Le lundi 29 novembre 2010 12:46:22, andre999 a écrit :
> As already commented in previous posts, I would rather see this split 
> into 2 parts :
> 1) core = really core (or very useful) to a fully functional desktop or 
> server or developer system.
> Examples include packages for the kernel, usual Linux utilities and 
> development tools, drivers, drak* and associated tools, complete desktop 
> environments (such as Gnome, KDE, LXDE), and common applications such as 
> LibreOffice (successor to Go-Openoffice) and Firefox.
> 
>   This would essentially be a subset (most) of Mandriva main, with 
> possibly some from Mandriva contrib.  These packages may not depend on 
> packages in extra.
>   Every effort must be collectively made to ensure that packages in this 
> group are maintained.
> 
> and
> 
> 2) extra = supplementary packages which, if they break, will not affect 
> core.
>   This is essentially all (or least all maintained) of Mandriva contrib 
> and much of Mandriva main.
> Typical examples include calendar printing programs, poedit (for 
> translators), and games.
> 
> Extra would probably be much larger than main.  (After eliminating 
> non-functional non-maintained packages.)

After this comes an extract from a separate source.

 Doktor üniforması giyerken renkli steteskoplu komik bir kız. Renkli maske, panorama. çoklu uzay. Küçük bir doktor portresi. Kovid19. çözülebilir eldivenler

I agree with andre999 on this point : the "everything in core" approach makes 
no distinction between packages which I can trust (for servers for example) and 
packages which I can't rely on.

It was said early that you just have to look at whether the package has a 
maintainer or not to make a distinction, but this is not sufficient. A 
maintainer can be very active in cauldron but not care about maintaining for 
stable releases. A package can have no maintainer but be actively supported in 
practice (by everybody in cauldron, by security team in stable releases).

The current main vs contrib approach in mandriva is very sensible. It has some 
(minor, to me) drawbacks, but when I install packages from main I *know* there 
will be security updates, bugfix updates, and a QA process that packages in 
contrib don't have. Do we plan to have no QA process at all in Mageia ? If we 
plan to have such processes, does the merge between core and extra make is 
efficient ? I guess we don't plan to have all packages (even maintained ones) 
equally supported with a full QA process (doesn't seem realistic) ?

If we define collectively what "core" contains, then we can ensure that every 
package there has :
- a maintainer who takes care of it in cauldron
- a maintainer who takes care of security and bugfix updates in stable release 
(maybe the same person, maybe not) 
- (when doable) a maintainer who takes care of backports for this package 
(maybe the same person, maybe not) 
- a QA team which will review changes on stable releases for these packages

Packages in core get the "QA approved" stamp whereas packages in extra get none.

Therefore I'm against the merge of core and extra.